WHAT TO WORK ON:
Taking the line with "Obraz premium Intricate" as the first and the line with "Pashtush India Womens" as the last, set down the lines below exactly, pictures excluded.

DATA Block Start

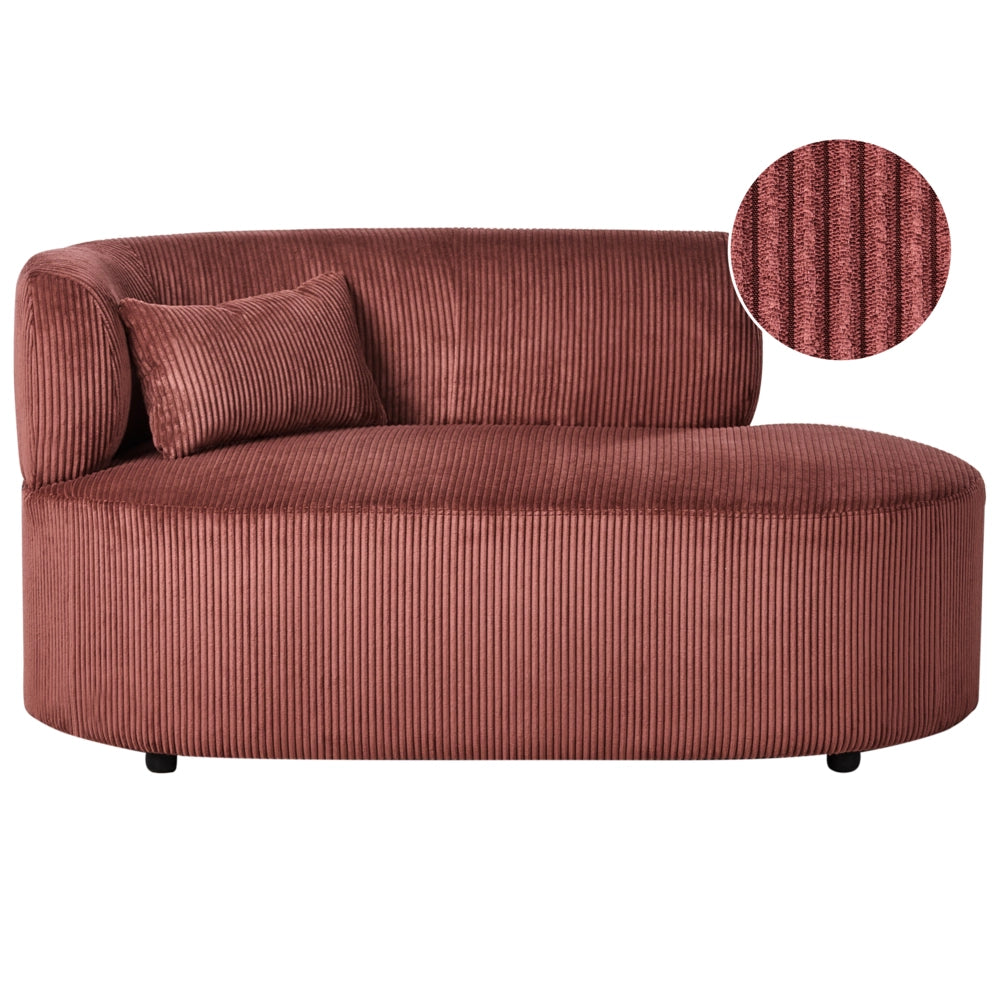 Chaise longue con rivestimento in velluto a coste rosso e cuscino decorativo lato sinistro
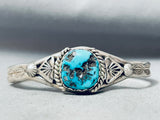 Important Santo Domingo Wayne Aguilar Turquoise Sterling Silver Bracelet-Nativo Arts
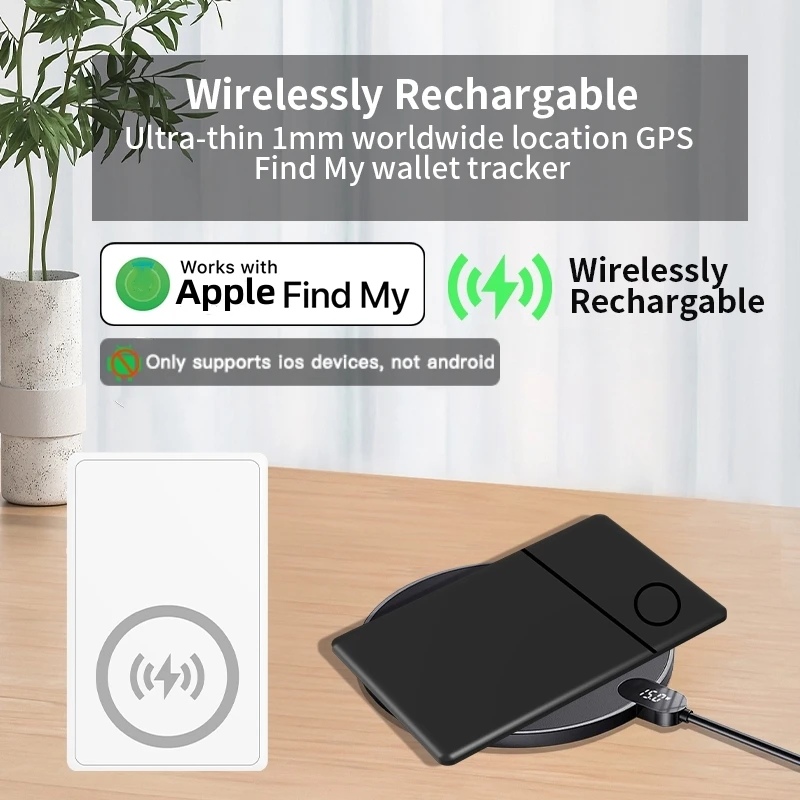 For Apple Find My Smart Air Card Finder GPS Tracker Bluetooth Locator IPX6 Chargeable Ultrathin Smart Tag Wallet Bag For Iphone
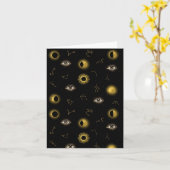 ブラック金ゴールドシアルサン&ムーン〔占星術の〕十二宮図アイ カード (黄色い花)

DATA Block End
DATA Block Start

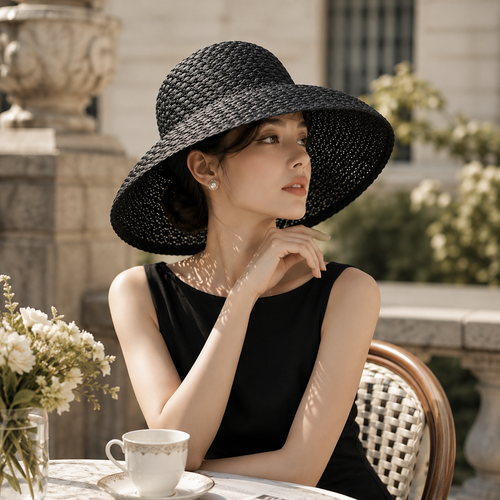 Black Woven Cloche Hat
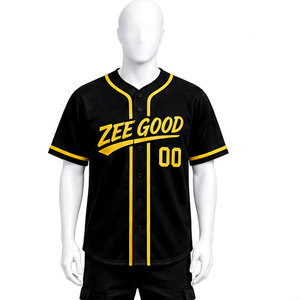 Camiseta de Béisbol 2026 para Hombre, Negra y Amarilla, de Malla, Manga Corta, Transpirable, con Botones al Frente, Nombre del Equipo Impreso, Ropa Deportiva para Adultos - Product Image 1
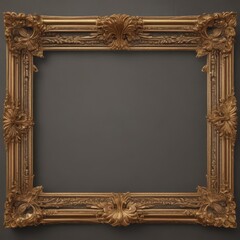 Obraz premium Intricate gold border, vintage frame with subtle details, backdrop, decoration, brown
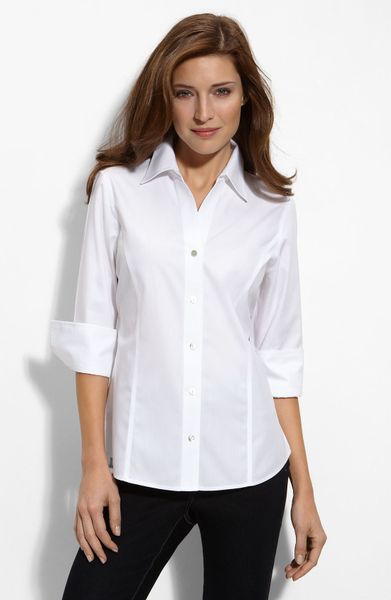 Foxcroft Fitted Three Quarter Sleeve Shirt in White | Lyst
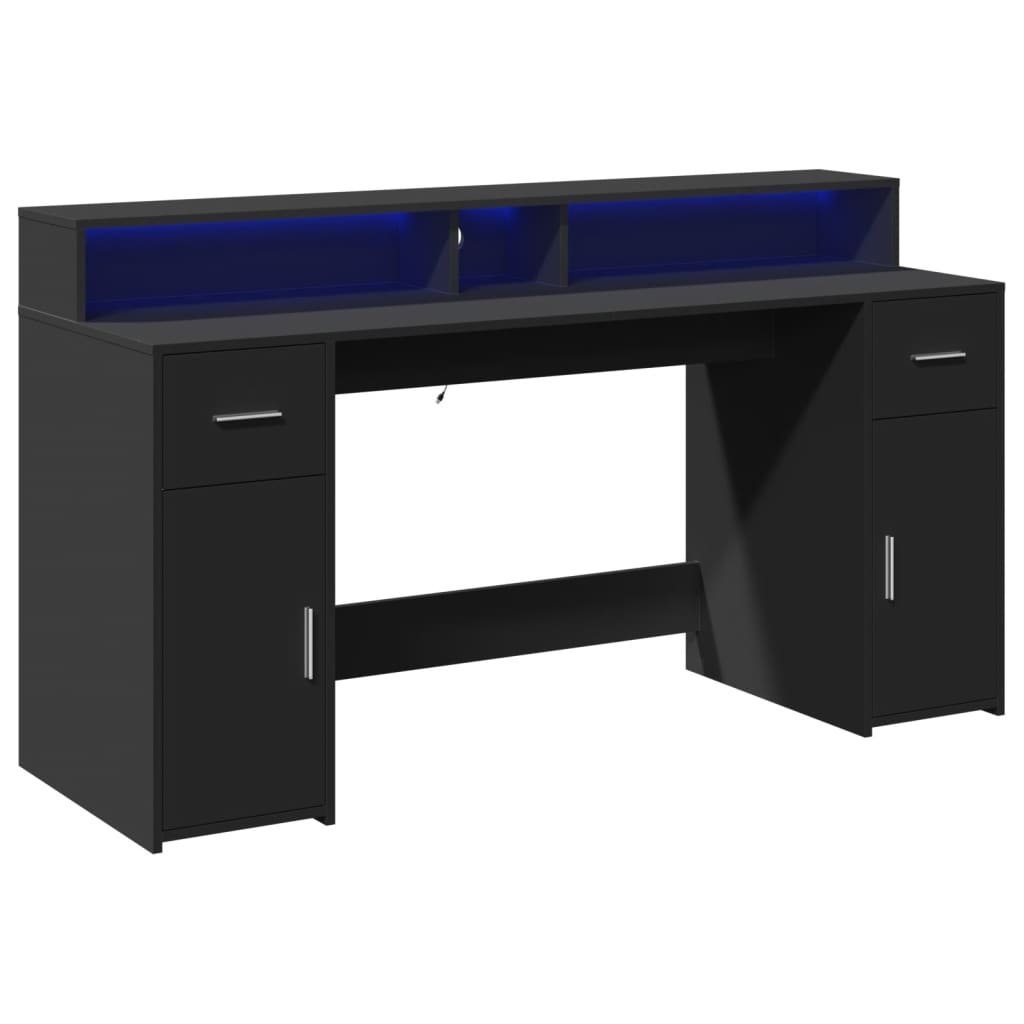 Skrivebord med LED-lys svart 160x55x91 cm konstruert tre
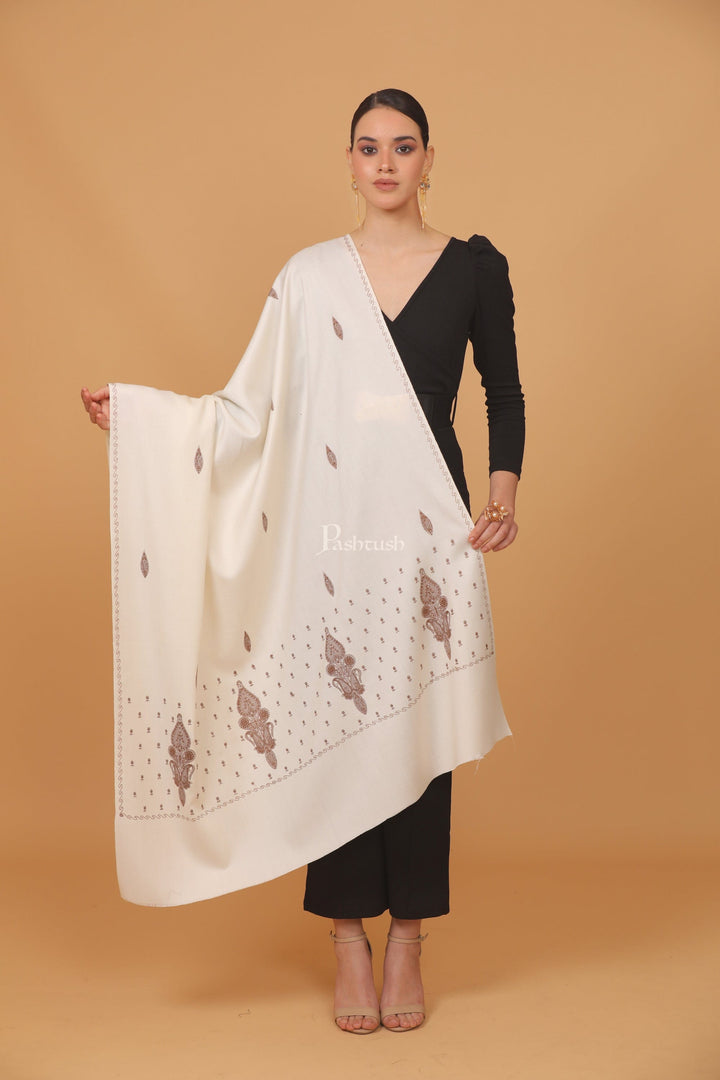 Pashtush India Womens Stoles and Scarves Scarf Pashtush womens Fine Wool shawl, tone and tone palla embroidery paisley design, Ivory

DATA Block End

RESPONSE:
 Obraz premium Intricate gold border, vintage frame with subtle details, backdrop, decoration, brown
 Foxcroft Fitted Three Quarter Sleeve Shirt in White | Lyst
 Skrivebord med LED-lys svart 160x55x91 cm konstruert tre
 Pashtush India Womens Stoles and Scarves Scarf Pashtush womens Fine Wool shawl, tone and tone palla embroidery paisley design, Ivory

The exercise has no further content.